§ **TO DO**:
Extract the final stretch of the data: the line that contains "Poppy Field Dreams" and every line after it, unaltered, and no other lines.

DATA FOR PROCESSING: Begin

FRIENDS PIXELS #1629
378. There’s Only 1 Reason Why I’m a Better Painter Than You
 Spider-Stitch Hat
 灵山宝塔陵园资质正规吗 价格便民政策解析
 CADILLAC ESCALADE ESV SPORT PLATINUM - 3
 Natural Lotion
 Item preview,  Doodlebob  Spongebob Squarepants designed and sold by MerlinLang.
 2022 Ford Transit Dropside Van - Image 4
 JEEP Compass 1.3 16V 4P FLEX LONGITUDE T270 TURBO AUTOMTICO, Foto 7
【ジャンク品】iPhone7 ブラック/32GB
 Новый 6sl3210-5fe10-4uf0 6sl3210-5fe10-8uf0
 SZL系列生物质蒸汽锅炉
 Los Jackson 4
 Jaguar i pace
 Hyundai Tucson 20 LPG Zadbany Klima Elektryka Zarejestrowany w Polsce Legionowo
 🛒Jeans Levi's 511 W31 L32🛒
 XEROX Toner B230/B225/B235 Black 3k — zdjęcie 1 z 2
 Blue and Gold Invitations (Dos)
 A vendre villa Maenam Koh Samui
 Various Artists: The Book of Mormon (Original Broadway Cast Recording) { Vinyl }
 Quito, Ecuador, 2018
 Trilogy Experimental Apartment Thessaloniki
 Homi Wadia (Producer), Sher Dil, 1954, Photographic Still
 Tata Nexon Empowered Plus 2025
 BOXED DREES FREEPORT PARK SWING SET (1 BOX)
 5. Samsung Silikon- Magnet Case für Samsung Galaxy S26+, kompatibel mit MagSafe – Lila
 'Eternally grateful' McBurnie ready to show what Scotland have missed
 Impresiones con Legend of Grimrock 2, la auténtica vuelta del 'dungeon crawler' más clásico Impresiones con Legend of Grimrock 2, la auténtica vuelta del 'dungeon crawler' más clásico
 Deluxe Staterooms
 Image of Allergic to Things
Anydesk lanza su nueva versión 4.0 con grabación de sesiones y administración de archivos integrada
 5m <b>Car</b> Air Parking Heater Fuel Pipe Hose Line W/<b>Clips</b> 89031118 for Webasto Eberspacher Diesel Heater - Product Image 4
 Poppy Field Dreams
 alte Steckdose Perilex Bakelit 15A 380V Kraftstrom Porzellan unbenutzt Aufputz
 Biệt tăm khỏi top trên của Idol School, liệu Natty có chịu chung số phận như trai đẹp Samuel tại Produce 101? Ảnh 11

DATA FOR PROCESSING: End

§ **REPLY**:
 Poppy Field Dreams
 alte Steckdose Perilex Bakelit 15A 380V Kraftstrom Porzellan unbenutzt Aufputz
 Biệt tăm khỏi top trên của Idol School, liệu Natty có chịu chung số phận như trai đẹp Samuel tại Produce 101? Ảnh 11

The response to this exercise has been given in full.